At this price, Jefferies is barely getting any premium to its reported book value and only about a 20% premium to its tangible book value. Unimpressive as that may sound, a quick look at other mid-tier banks like Cowen (Nasdaq:COWN) and Piper Jaffray (NYSE:PJC) will show that mid-tier investment banks just aren't going for much in terms of valuation these days, as investors worry about their ability to withstand tougher competition for trading business from major banks like Morgan Stanley (NYSE:MS) and ECNs.

SEE: Mergers And Acquisitions: Understanding Takeovers

Why Do This Deal? The Jefferies Side
If good deals are supposed to be those that benefit both parties, I'm not sure this one qualifies. While I can see the benefits to Jefferies, it is not so clear to me that Leucadia is getting much in the deal.

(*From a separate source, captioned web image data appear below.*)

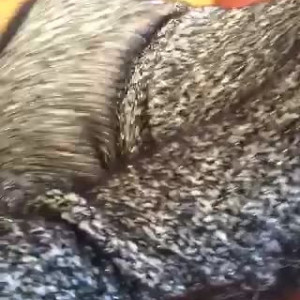 Video by realbriamyles published on May 31,2023 02:19:00 - BestThots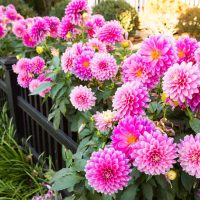 Flowering Plants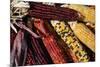 Santa Fe, New Mexico, USA. Dried Indian corn.-Julien McRoberts-Mounted Premium Photographic Print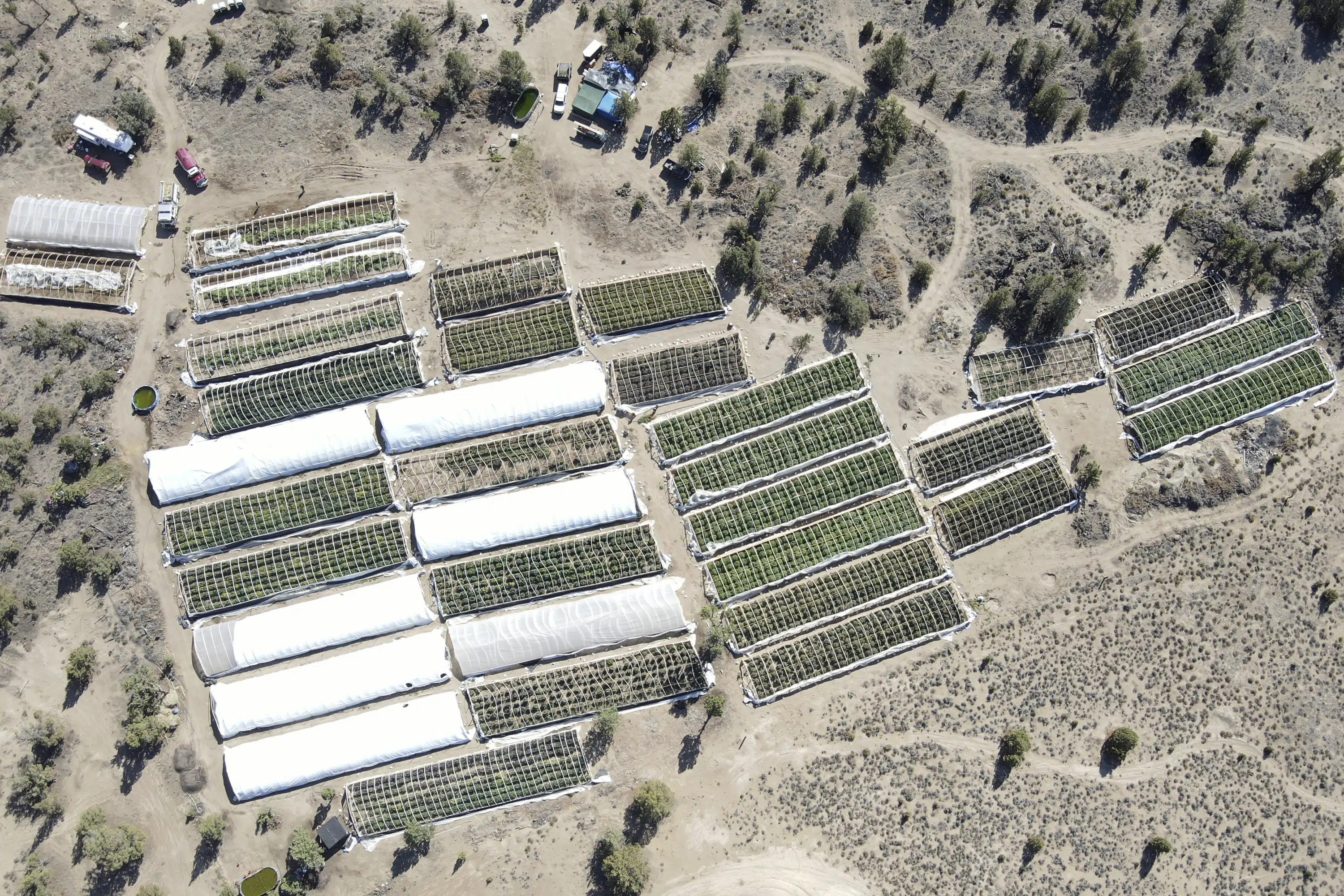 Oregon, mecca of weed, to crack down on illegal pot growers by holding landowners responsible - Vimarsana News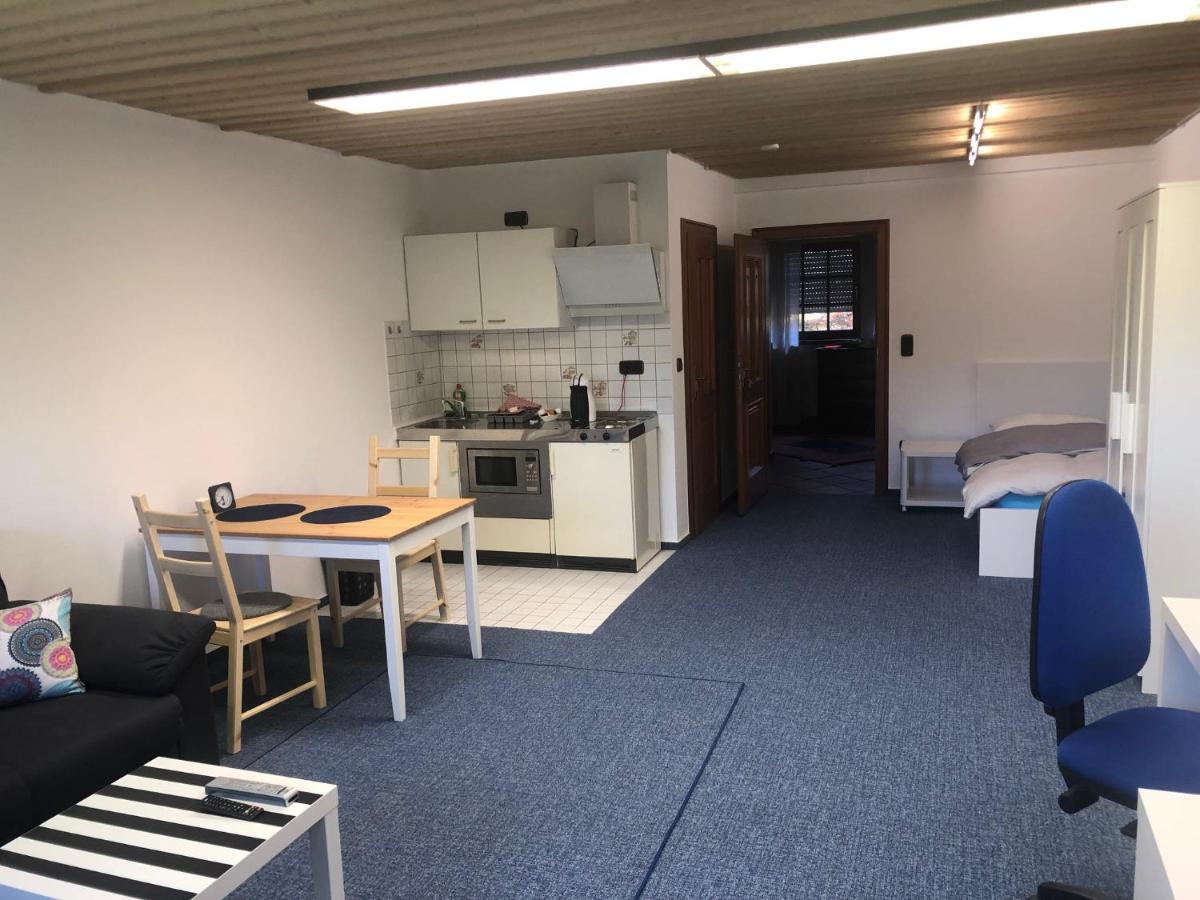 1-Zimmer Apartment, 45 Qm, Im Weinort Neustadt-Duttweiler Neustadt an der Weinstraße Buitenkant foto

While Jefferies is a quality mid-tier bank, the company had what you might call a "near death" experience when MF Global collapsed in 2011. Jefferies managed a sale of over $600 million in debt securities for MF Global just before scandals (related in large part to how it valued its European debt holdings) hammered that company, and Jefferies then came under intense scrutiny for its own balance sheet.

Although Jefferies stabilized after that episode (helped in part by a 1 million-share investment from Leucadia in November 2011), the writing was arguably on the wall. Regulatory changes have arguably hurt banks like Jefferies the most, and it is definitely up for debate as to whether banks like Jefferies and Cowen can continue to compete where margins keep shrinking and the cost of capital is higher than it used to be.

In any case, merging with Leucadia gives Jefferies breathing room and access to a larger balance sheet, even though Jefferies' credit rating is actually a bit higher. What's more, adding its investment banking capabilities to an investment conglomerate often compared to Berkshire Hathaway (NYSE:BRK.A) should create some solid long-term opportunities and could be part of a transformation towards an old-style merchant bank operation.

SEE: The Wonderful World Of Mergers

Why Do This Deal? The Leucadia Side
But what does Leucadia gain? I don't see how folding Jefferies into Leucadia alters the fundamental changes in investment banking nor addresses its long-term profitability challenges. Aside from the fact that Jefferies can probably leverage over $4 billion in tax benefits, it doesn't seem like Leucadia is likely to earn a major return here, unless there really are synergies in having a captive investment bank to help invest in/acquire new businesses and/or if the future for mid-tier banks is better than I think.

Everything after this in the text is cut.